Assuming this proposal passes, the foundation will post a link to Joe’s wallet on the foundation’s website. This posting may be subject to verification of the wallet software by the security council for any malware.

Example 2

A group of currency holders wishes to have the currency listed on ExchangeX a cryptocurrency exchange. There is a 100EUR application fee and, if accepted, a 10,000EUR listing fee. The group enters a proposal onto the blockchain “The foundation shall convert sufficient funds in the dev reserve to 100EUR to apply to ExchangeX to list the currency on their exchange, shall make application to ExchangeX to list the currency, and if approved, shall convert sufficient funds in the dev reserve to pay the 10,000EUR listing fee”

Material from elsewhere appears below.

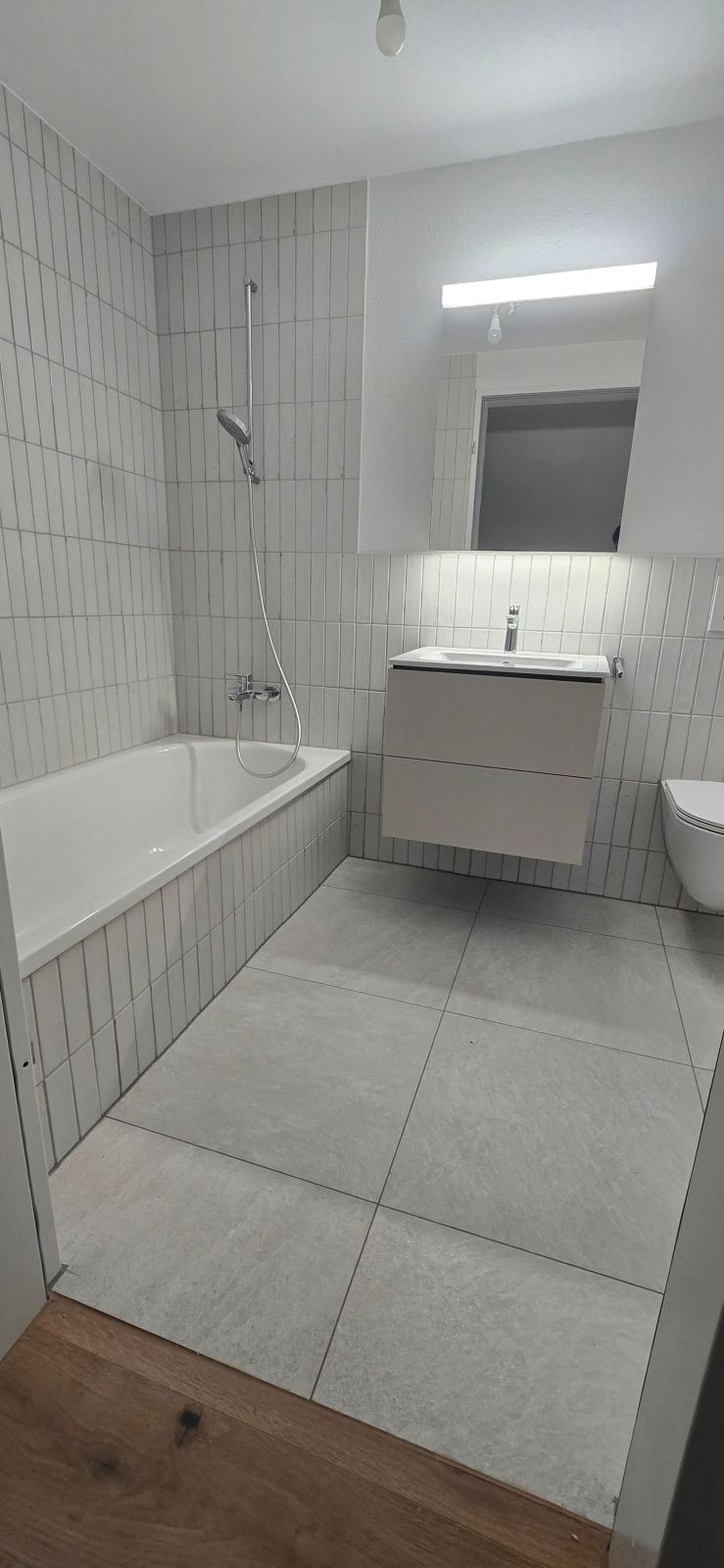 Lichtdurchflutete 3.5-Zimmer-Dachwohnung in Mettmenstetten - Bild 11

If this proposal passes, the foundation liquidates 100EUR worth of dev fee funds, applies to ExchangeX, and if approved, liquidates 10,000EUR worth of dev fee funds to get listed on ExchangeX.

Example 3

Alicia is an independent developer who has created an extension to the full node software which allows for an optimization in the protocol that reduces node to node bandwidth. Alicia enters the following proposal on the blockchain “Merge pull request 3527 which allows for optimization of network protocol”.

If this proposal passes, the PR will be merged onto the main branch of production code and binaries will be built, subject to signoff of the security council.

Example 4

ChenLi is a developer working for a commercial enterprise which makes hardware wallets. This enterprise wants to incorporate CoinX into their wallet, however they are not sure if there will be an ROI due to CoinX being in its infancy, and therefore they want to cost share some of the developer expenses. ChenLi enters the following proposal on the blockchain: “The foundation is authorized to pay USD $5,000 to CompanyY LLC for the purpose of cost sharing the development of a hardware wallet. Further details can be found at this URL: xxx”

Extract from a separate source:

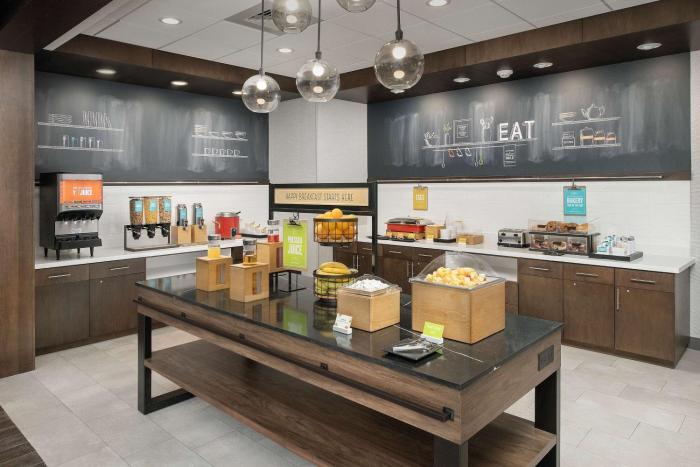 hampton inn and suites charlotte airport lake pointe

If this proposal passes, the foundation will convert sufficient funds in the dev reserve to pay CompanyY LLC for their work on the hardware wallet.

Example 5

Joachim is a user of CoinX. He believes the burn % per transaction is too low and that CoinX has become inflationary. He submits the following proposal to the blockchain: “The foundation is authorized to pay Coinx 50,000 as a developer bounty to perform programming to increase the burn % from X to Y”. After discussion the bounty is changed to CoinX 100,000.

If this proposal passes, the foundation will issue a developer bounty to change the burn % from X to Y. It is likely that the “core developers” will work on this to jointly split the proceeds, however any developer may claim the bounty if they are the first to submit an accepted pull request.

Important Point 1: The role of the security council is strictly to rule on security issues. The security council may not reject a change request or code merge based on any perceived reduction of value of the project or any subjective measure. A rejection by the security council must be accompanied by a clear finding of malicious intent by the developer for a code change with detailed analysis.

Important Point 2: The role of the foundation is entirely ministerial. The foundation is bound to act on any proposal which passes so long as the foundation is capable of acting on it. Code changes must be merged (if approved by the security council). Funds must be expended if the vote has passed. The foundation has no authority to second guess the voting user base.

Important Point 3: Requests for changes to the core full node functionality should follow a templated proposal which is easily accessible so that there is no confusion about how to issue developer bounties and what the conditions of acceptance are. This will avoid any appearance of favoritism or insider dealing.

Conclusion

I have presented a theoretical and practical framework for consensus governance of open source cryptocurrency projects which aligns all factions with higher value of the chain, provides for clear and egalitarian governance, does not favor any one faction over any other and resists the influence of outside forces.